Em outras palavras, se pode concluir que a população negra e pobre será a principal atingida pela privatização da água e dos serviços de saneamento. A mercantilização da água – ou seja, o poder público e privado passar a ver a água como mercadoria e não como serviço essencial para a existência humana – atingirá justamente àquelas e àqueles que não possuem condições financeiras de arcar com as tarifas.
A centralidade do racismo nas ações governamentais, embora não prescindisse de mais evidências, ganha maior contorno com a aprovação desse novo marco regulatório do saneamento. Trata-se de mais uma maneira perversa do Governo Federal em colocar os lucros das grandes empresas na frente das vidas humanas que residem em territórios periféricos e financeiramente pobres. Com a aprovação dos senadores e deputados, fica mais uma vez evidente que o poder político no Brasil, desde o golpe de 2016, possuí um projeto de desestruturação das empresas públicas, de esgotamento dos recursos naturais e de privatização dos serviços essenciais.
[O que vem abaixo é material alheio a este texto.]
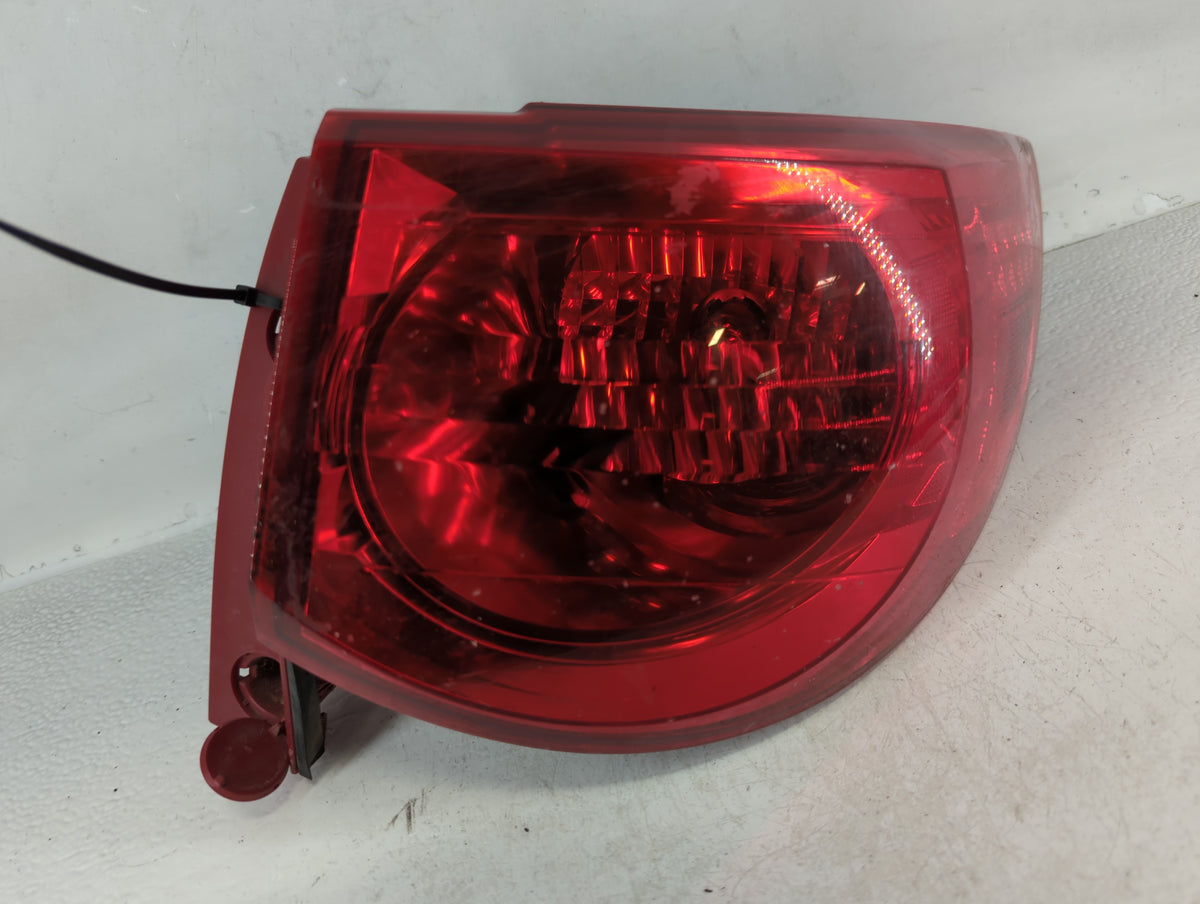 2009-2012 Chevrolet Traverse Tail Light Assembly Passenger Right OEM P/N:ZFY-00928-GM Fits Fits 2009 2010 2011 2012 OEM Used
Não podemos nos enganar: Bolsonaro venceu – e se mantém no poder – por atender a esses mesmos interesses privados. Suas declarações, embora perversas, são aceitas e inclusive banalizadas desde que mantenha o projeto neoliberal de vender o Brasil e seus recursos naturais. A iniciativa privada não se importa com a democracia, se importa com o lucro. Não é possível englobar qualquer um dos deputados e senadores que votaram a favor do Projeto de Lei de privatização da água como oposição do governo Bolsonaro.
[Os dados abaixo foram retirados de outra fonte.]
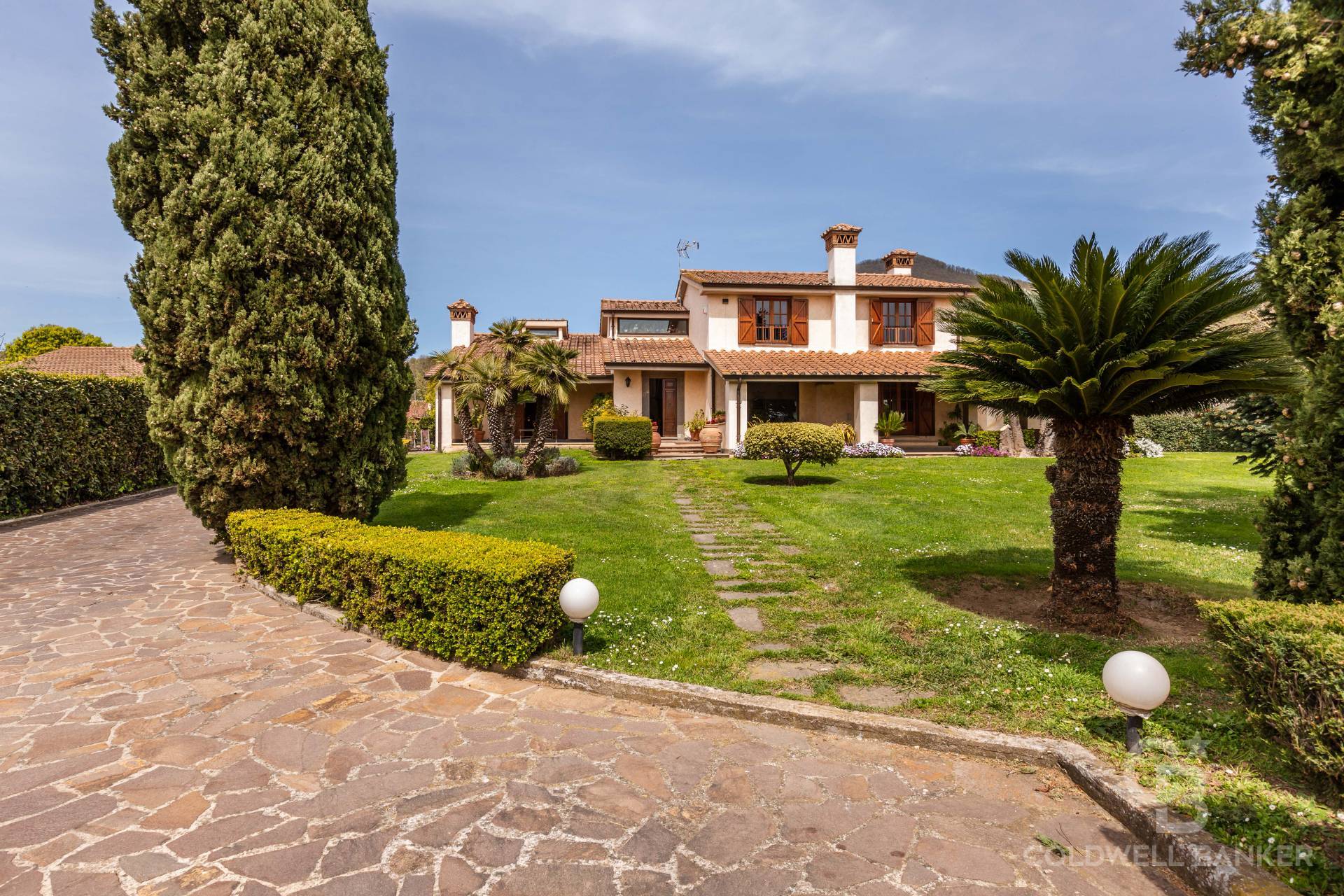 Villa in vendita a Trevignano Romano, 14 locali, prezzo € 880.000 | CambioCasa.it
Só é possível se fazer oposição ao governo da morte com a defesa de um sistema universal de saúde, de saneamento e de distribuição de água, com o fortalecimento das entidades estatais e sem ver com ingenuidade ou falsas esperanças as promessas falaciosas e comprovadamente mentirosas da iniciativa privada. A “mão livre do mercado” é suja de sangue e empurra a trabalhadora e o trabalhador para o mesmo esgoto que se recusa a limpar.